NEW YORK -- The stock market's biggest quarterly gain in more than 10 years was fueled by hopes that the shrinking economy would start growing again in the later stages of 2009.

Starting Wednesday, that widely publicized second-half recovery thesis will be put to the test and with it the fate of the nearly 4-month-old bull market.

To be blunt, it is show-me time on Wall Street.

If the bet pans out and the fledgling recovery picks up steam, investor confidence should get a boost and stocks are likely to break out from their recent stall pattern and start climbing again.

The risk is if the business resurgence never materializes, forcing investors to rethink their strategy, a psychological shift that could create a stock pullback.

Unfortunately, when the 18-month-old recession ends and how robust the recovery will be when growth does resume are still big unknowns. As a result, investor anxiety is expected to remain high until concrete signs of a rebound emerge.

"Sure, it's great that we had a fantastic second quarter, but we've got plenty of hurdles to overcome," says Richard Yamarone, chief economist at Argus Research, referring to the 15.2% second-quarter gain in the Standard & Poor's 500, its best showing since the fourth quarter of 1998. Even so, the S&P is up just 1.8% for 2009.

One hurdle, Yamarone says, is small businesses' inability to get loans or quick access to government stimulus money, which he says will result in "wider job losses and delay the economic recovery."

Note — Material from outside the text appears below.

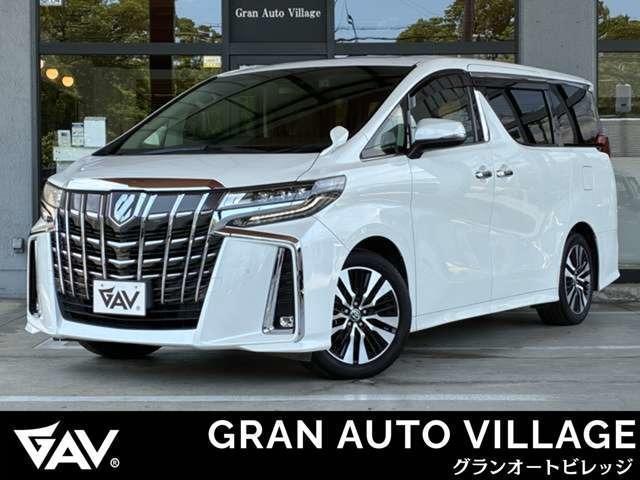 2019 Toyota Alphard 2.5S C Package — Photo 1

David Tice of the Prudent Bear fund says consumers have been damaged so badly because of declining home prices, the stock market slump and weak job market, that it is unlikely they will be able to power the economy and corporate profits like they did before the credit bust. "Our whole consumer model has been broken," he says.

The bullish thesis is well-known. Optimists believe the stock market low hit on March 9 marked the end of the bear market.